By ERIC J. HEIKKILA
My wife and I recently returned from a one-year stay at a local university in Hong Kong. We resumed the lifestyle we previously led in Los Angeles, with one car between the two of us.
For the past nine years we have lived adjacent to the USC campus, so I am able to dispose of my commute to the university with a six-minute bicycle ride. If I need to use the car on a given day, I can usually work out some suitable arrangement with my wife, but for the most part my bicycle suffices for local errands, including the 20-minute ride to downtown. We seldom use public transit here.
Our lives in Hong Kong were starkly different, although there we also lived on campus. Most notably, we did not own a car there, nor did we miss having one. Instead, we used public transit routinely each day. Within steps of our apartment building was a shuttle-bus stop that ran like clockwork an average of three times per hour daily. I could take that directly to my office or, if I stayed on board for one more stop, I could get off at the Mass Transit Railway train station, arriving there within 10 minutes.
The university MTR station that we used was roughly equidistant from Central in downtown and Shenzhen, the dynamic “instant city” in nearby Guangdong province. Both locations were accessible within one hour of leaving our residence, and in between these two extremes were countless stops with high-density developments supporting a plethora of residences, retail shops, restaurants, offices and other land uses that one finds in any major modern metropolis. The MTR system in Hong Kong is extensive, but we would sometimes switch to buses or affordable taxis that queue up at all transit stations.
Conveniently, passengers can pay for any ride on public transit with special (so-called Octopus) debit cards that are quickly read by machines installed on all buses and trains as well as in most convenience stores.
This sudden transition from a Hong Kong lifestyle, where public transit had been the centerpiece of our daily mobility, to Los Angeles, where we perceive public transit to be one of our least attractive options, gives one pause to reflect: How can two cities be so different in this way? There is no single, simple answer. Instead, our experience suggests a multiplicity of inter-related explanations:
– High-density land use Hong Kong, with its 8 million people squeezed into a relatively small, mountainous land space, has no choice but to build to very high Manhattan-like densities. Although many Americans would balk at living in such close quarters, it does make it more economical to bring public transit to virtually everyone’s doorstep.
– Level of service There are several dimensions to this. Often, I would arrive at a transit station as one train was pulling out, but before it was lost from view the next one would be approaching. Buses and trains are kept very clean, and I saw no graffiti or other signs of neglect. Safety is another critical factor. Not once during the year was I made to feel in the least bit intimidated by any other passengers. MTR staff frequently boarded and disembarked from trains at random intervals.
– Public and private finance These factors promoted high passenger volumes, which in turn helped minimize the cost per passenger of maintaining enviable levels of service. Moreover, much of the system costs are supported through development-related fees proximate to transit stations. There is a direct linkage between the source of funds and the beneficiaries of the public transportation system.

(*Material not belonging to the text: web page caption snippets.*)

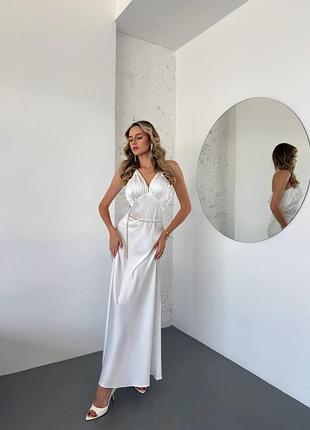 Женственное платье летнее длинное макси шелковое сочетание качественное праздничное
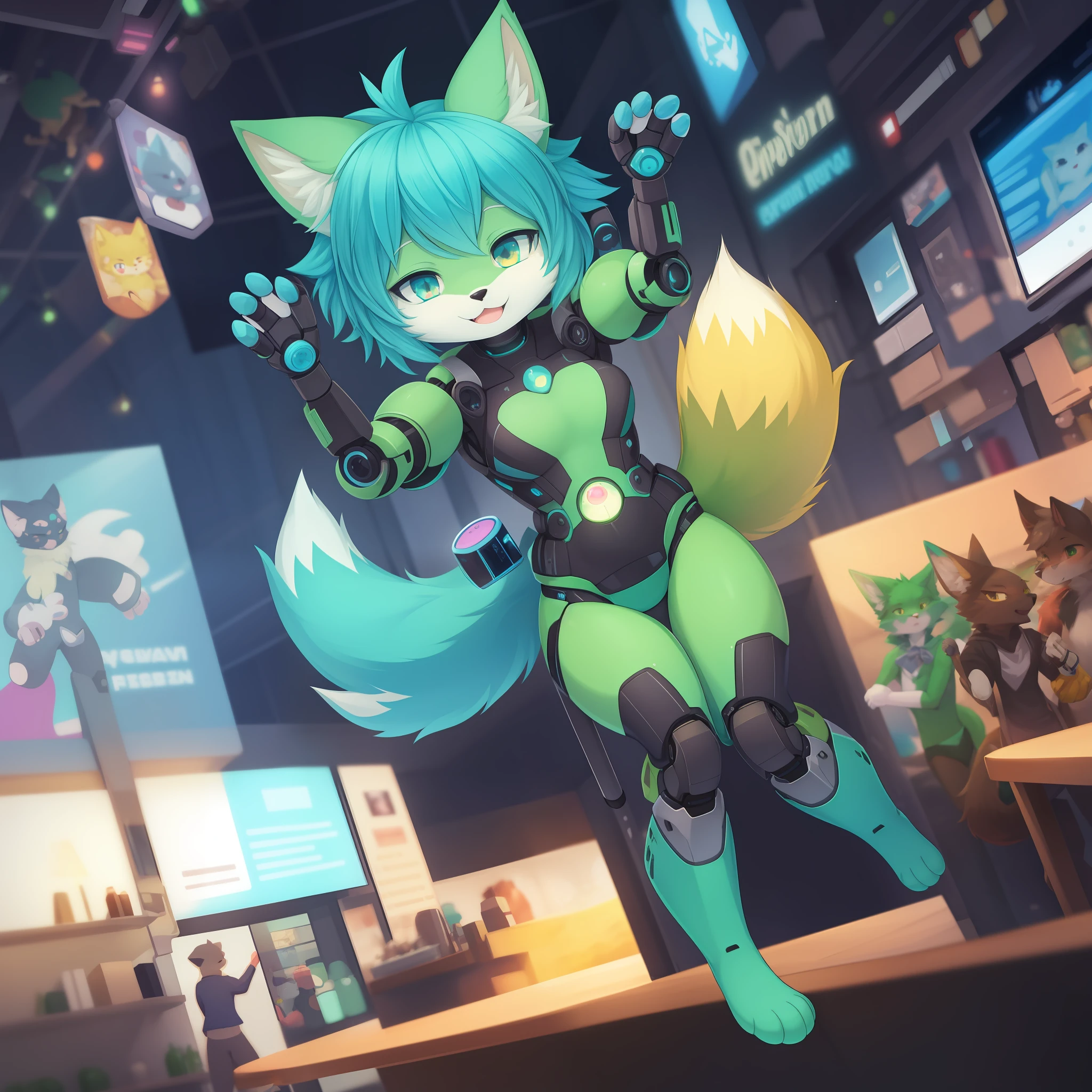 there is a cartoon of a cat that is flying in the air, digital green fox, fursona!!!!, furry furaffinity, cyan and green, fully robotic!! cat, with familiar sprites, furaffinity fursona, neko, cat from the void, fully robotic!! catgirl, blurry and glitchy, sprite 2 d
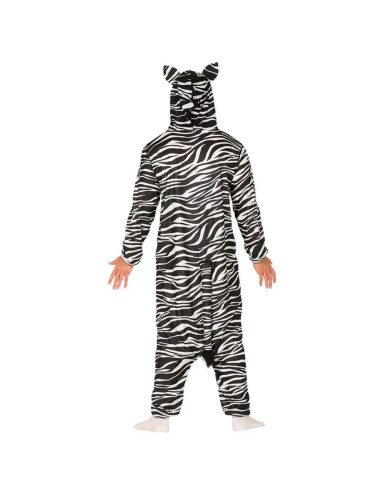 Tradineur - Disfraz de cebra para adulto, poliéster, incluye mono con capucha y cola, atuendo de carnaval, Halloween, cosplay (H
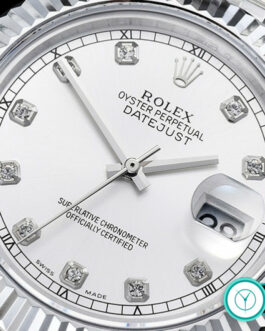 ROLEX DATEJUST GENTS SIZE SWISS AUTOMATIC FLUTED BEZEL – JUBILEE BRACELET – SILVER DIAL – DIAMOND MARKERS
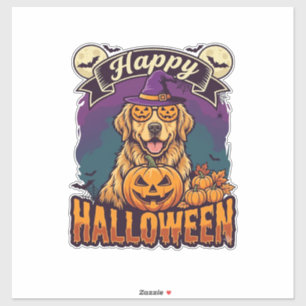 Happy Halloween Golden Retriever Witch Hat Pumpkin
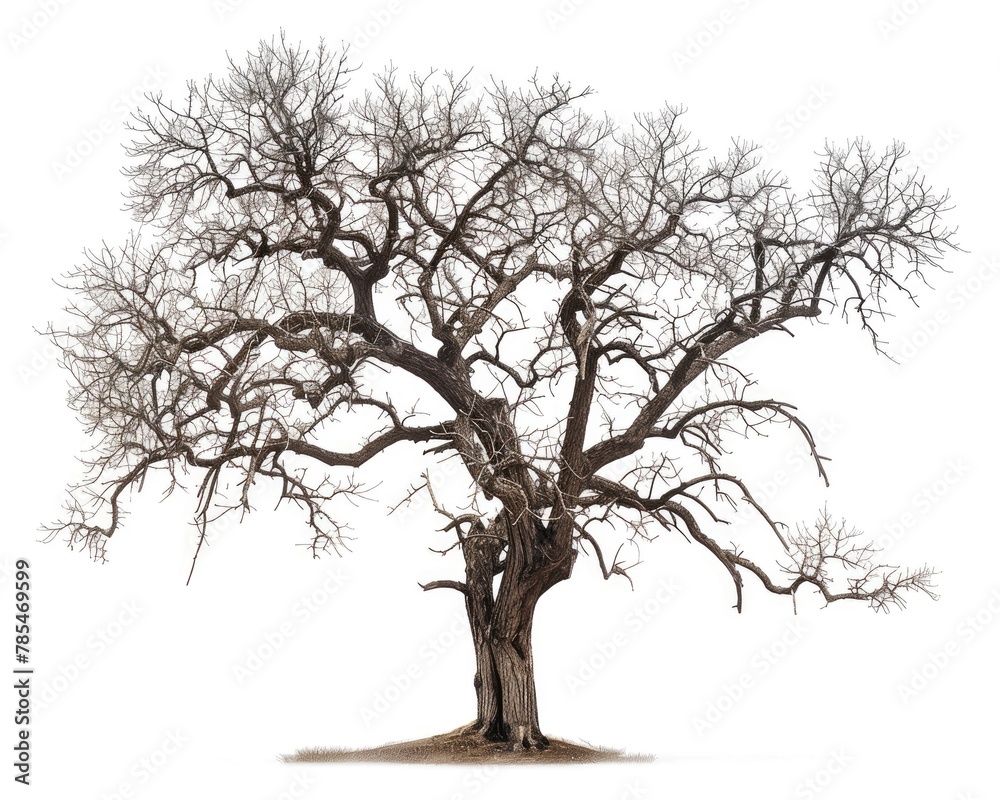 Isolated Tree Without Leaves on White Background. Depicting Winter, Natural Beauty and Old Age of Trees Isolated Tree Without Leaves on White Background. Depicting Winter, Natural Beauty and Old Age of Trees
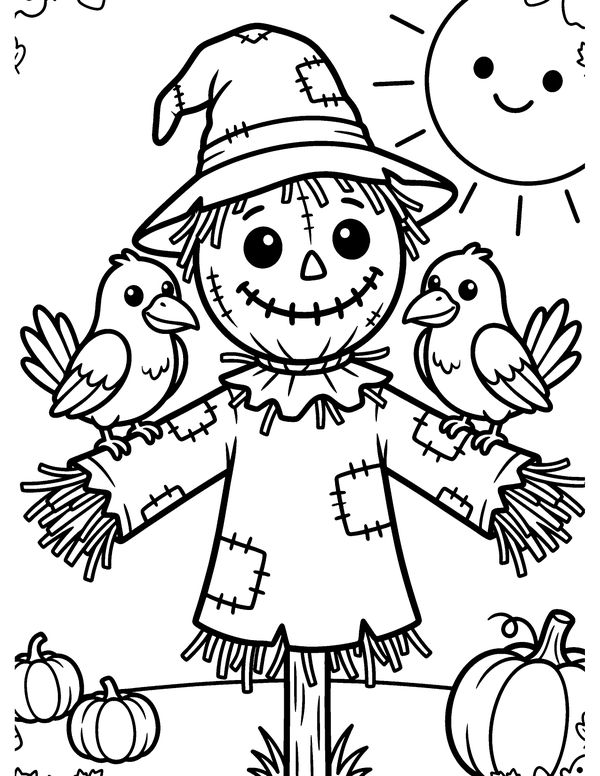 Friendly Scarecrow free printable Halloween coloring page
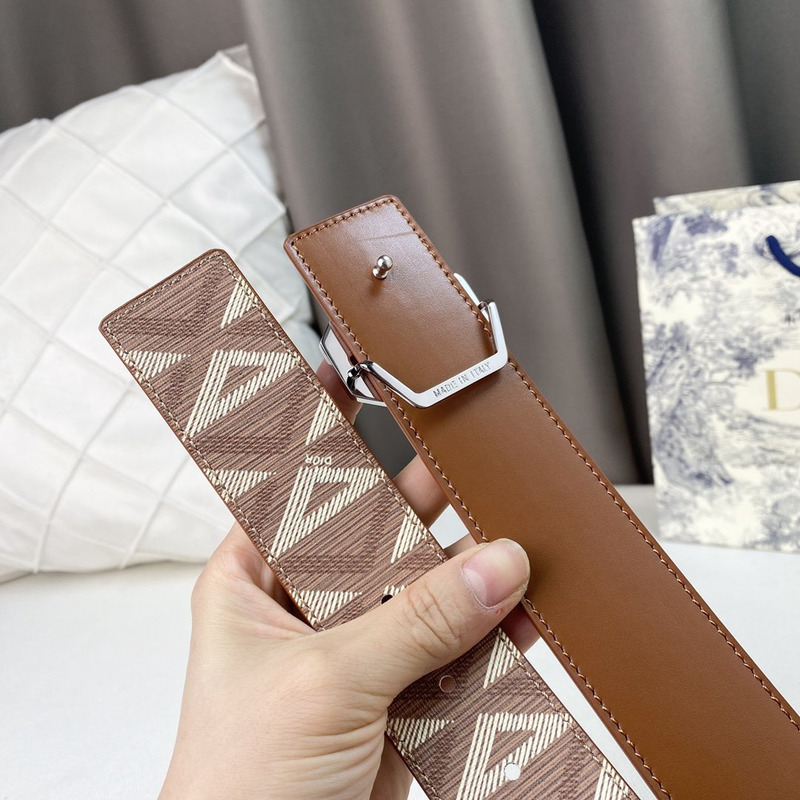 d*or brown cd Di*m*nd canvas and smooth calfskin silver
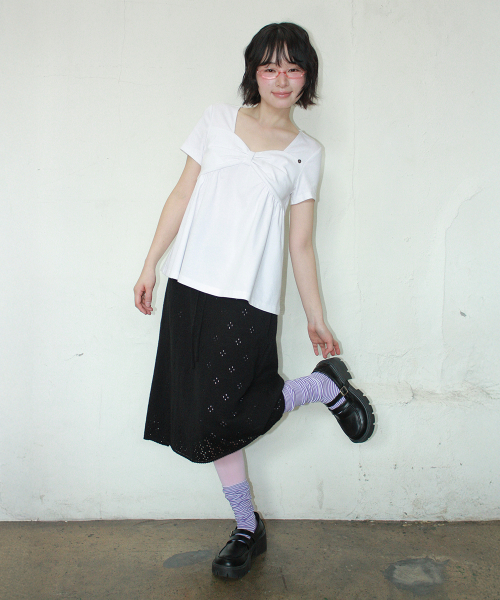 KNOT RIBBON A LINE T SHIRT WHITE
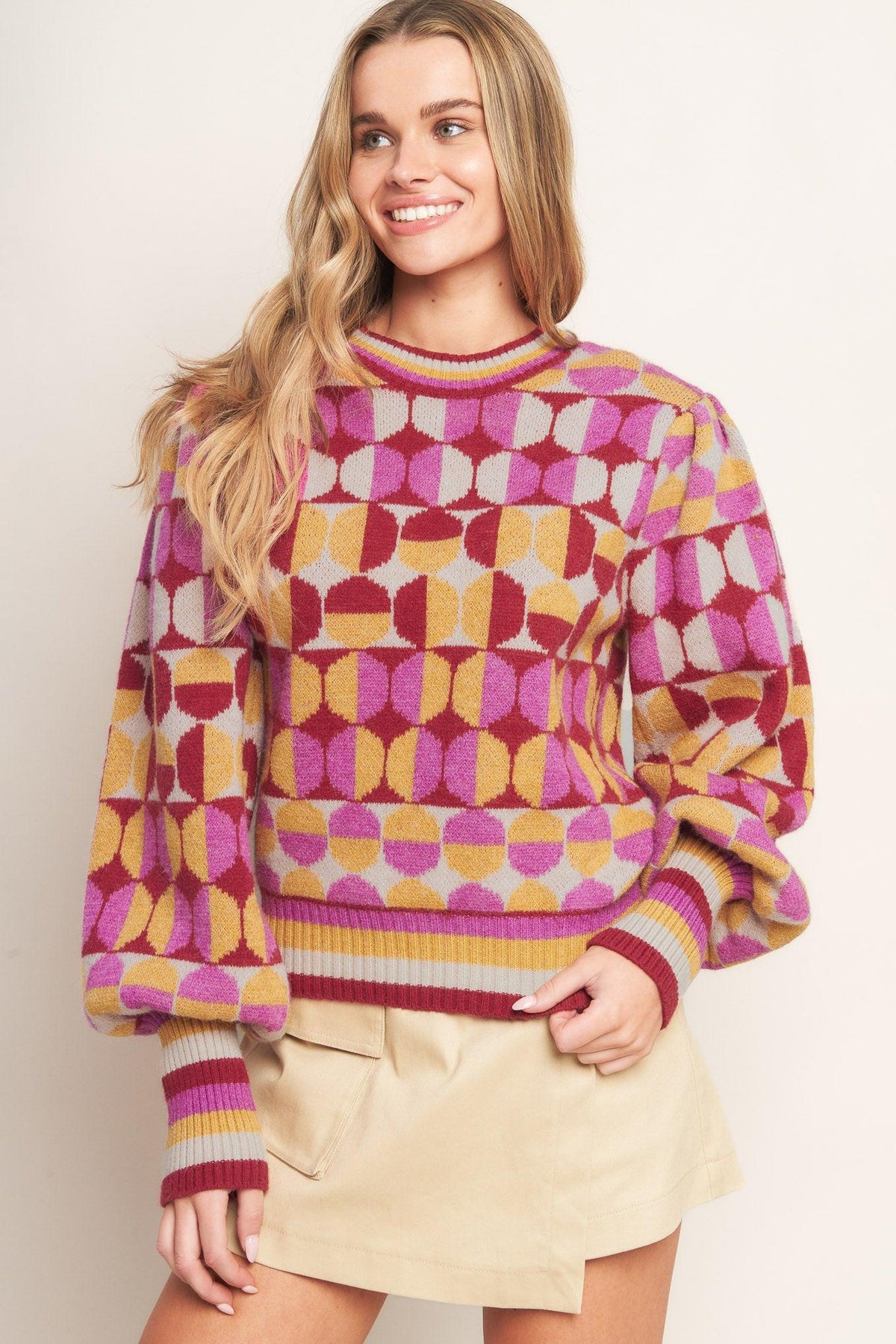 SUÉTER TEJIDO JACQUARD CON MENSAJE DE ÁNIMO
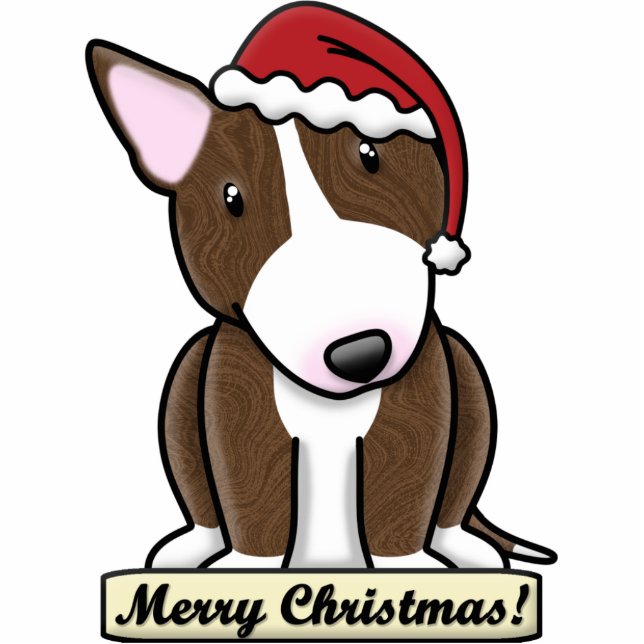 Cartoon-Brindle Stier-Terrier-Weihnachtsverzierung Fotoskulptur Ornament (Vorne)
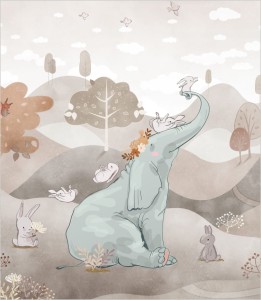 Próbka tapety słoń i zające na łące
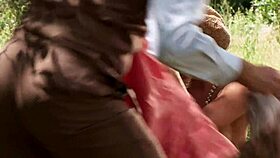 Madelyn marie and natasha marley share outdoor threesome deepthroat fun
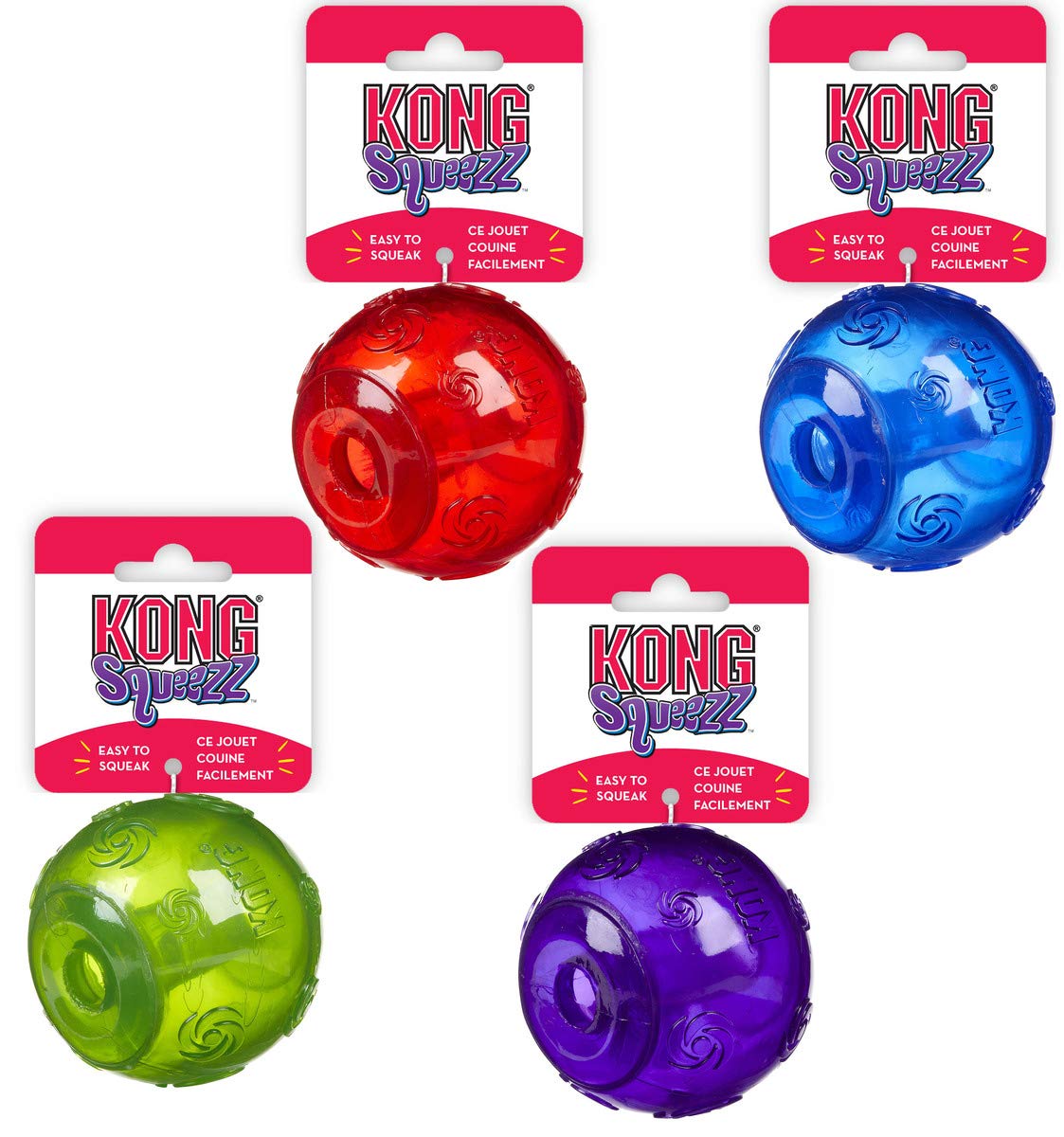 KONG Squeezz Ball - Strong Squeaky Dog Toy, Bounces & Squeak When Punctured (Assorted Colours) - For Large Dogs - Pack of 1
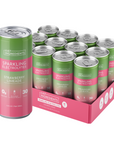Twelve aluminum cans of Strawberry Limeade Sparkling Electrolytes in green and pink packaging arranged in a pink cardboard bo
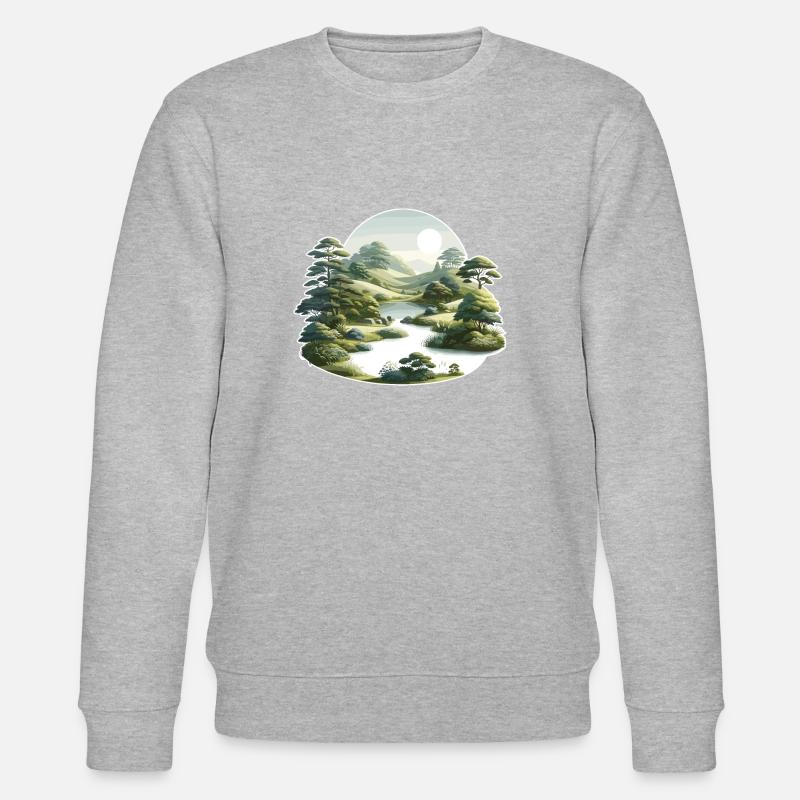 Paysage - Illustration - Sweat bio CHANGER Stanley/Stella Unisexe - gris chiné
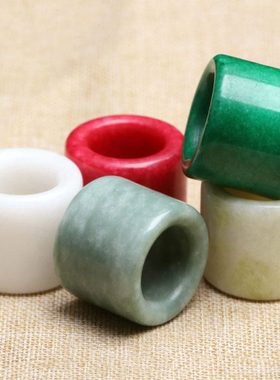 男士扳指男款大拇指戒指和田玉白玉碧玉筒心经王爷文玩指环平安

– Schools and neighborhoods I often reflect on why more of my fellow Angelenos don’t live closer to their places of work, so that they also might conveniently walk or bicycle to work as I do. As any parent knows, quality schools and safe neighborhoods are a first priority in deciding where to live. Thus, ironically, a good K-12 education policy may be one of the most effective means of improving public transportation in Los Angeles.
Los Angeles is not Hong Kong, nor should we want it to be. Each city has a distinctive magic all its own. That doesn’t mean that we cannot learn from each other, and in the case of public transit, we still have much to learn.
Eric J. Heikkila is professor of Urban Development and director of International Initiatives at USC’s School of Policy, Planning and Development. He is also co-founder and executive secretary of the Pacific Rim Council on Urban Development.